## Task instructions
What lines in the records include the string "floors"? Return each one.

## Exercise inputs
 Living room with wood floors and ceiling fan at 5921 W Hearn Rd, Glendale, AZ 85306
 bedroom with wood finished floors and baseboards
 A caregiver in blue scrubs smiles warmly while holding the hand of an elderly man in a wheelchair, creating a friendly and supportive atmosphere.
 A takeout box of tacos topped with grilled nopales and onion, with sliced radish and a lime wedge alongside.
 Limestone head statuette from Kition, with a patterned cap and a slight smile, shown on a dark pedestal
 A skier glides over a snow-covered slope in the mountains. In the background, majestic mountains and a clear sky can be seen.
--
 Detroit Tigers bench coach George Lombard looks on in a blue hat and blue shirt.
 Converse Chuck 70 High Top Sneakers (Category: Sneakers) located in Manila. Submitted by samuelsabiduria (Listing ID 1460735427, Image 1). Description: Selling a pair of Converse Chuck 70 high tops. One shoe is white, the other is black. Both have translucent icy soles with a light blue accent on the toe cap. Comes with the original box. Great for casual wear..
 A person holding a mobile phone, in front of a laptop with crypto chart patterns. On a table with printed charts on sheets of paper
* * *
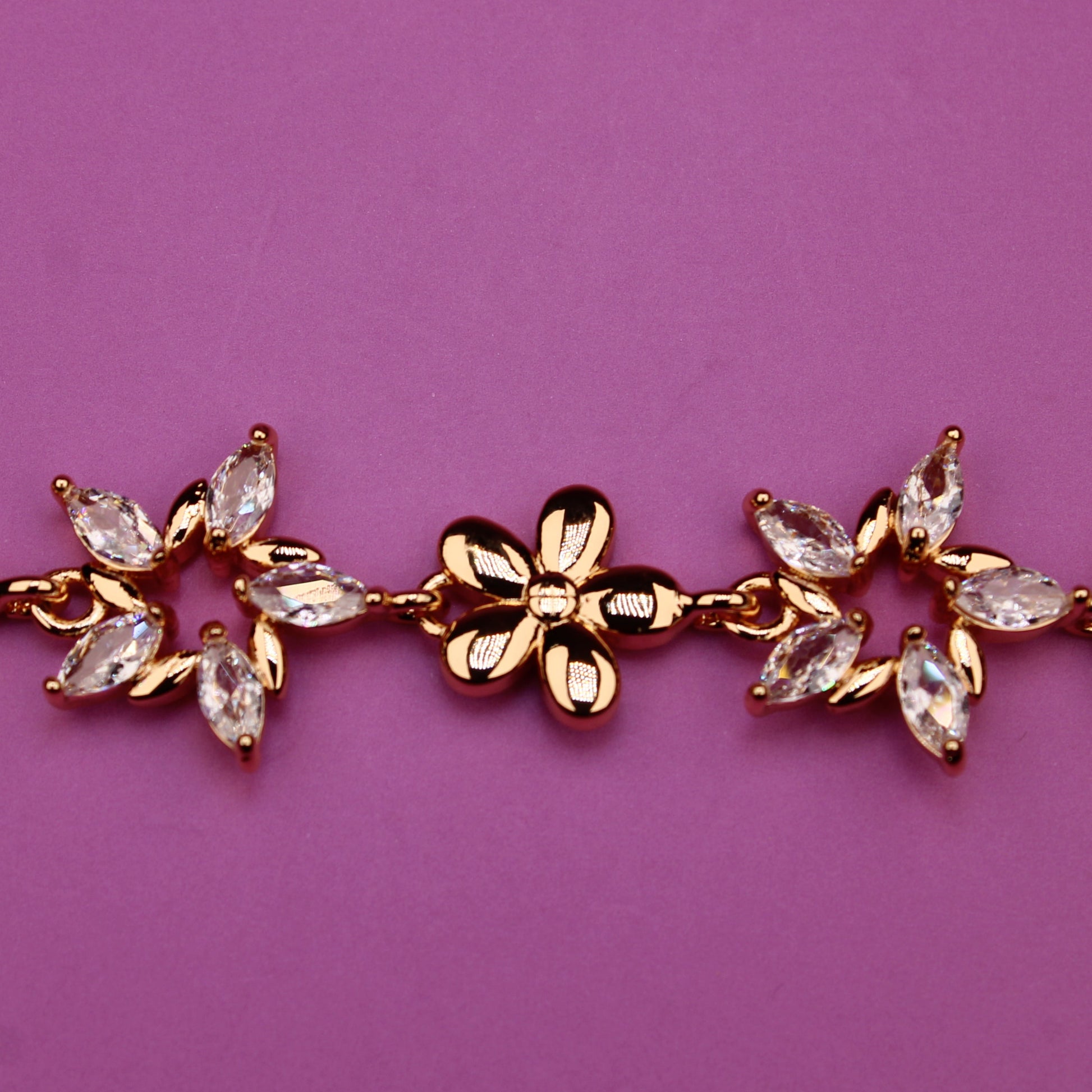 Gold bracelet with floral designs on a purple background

## Written answer
 Living room with wood floors and ceiling fan at 5921 W Hearn Rd, Glendale, AZ 85306
 bedroom with wood finished floors and baseboards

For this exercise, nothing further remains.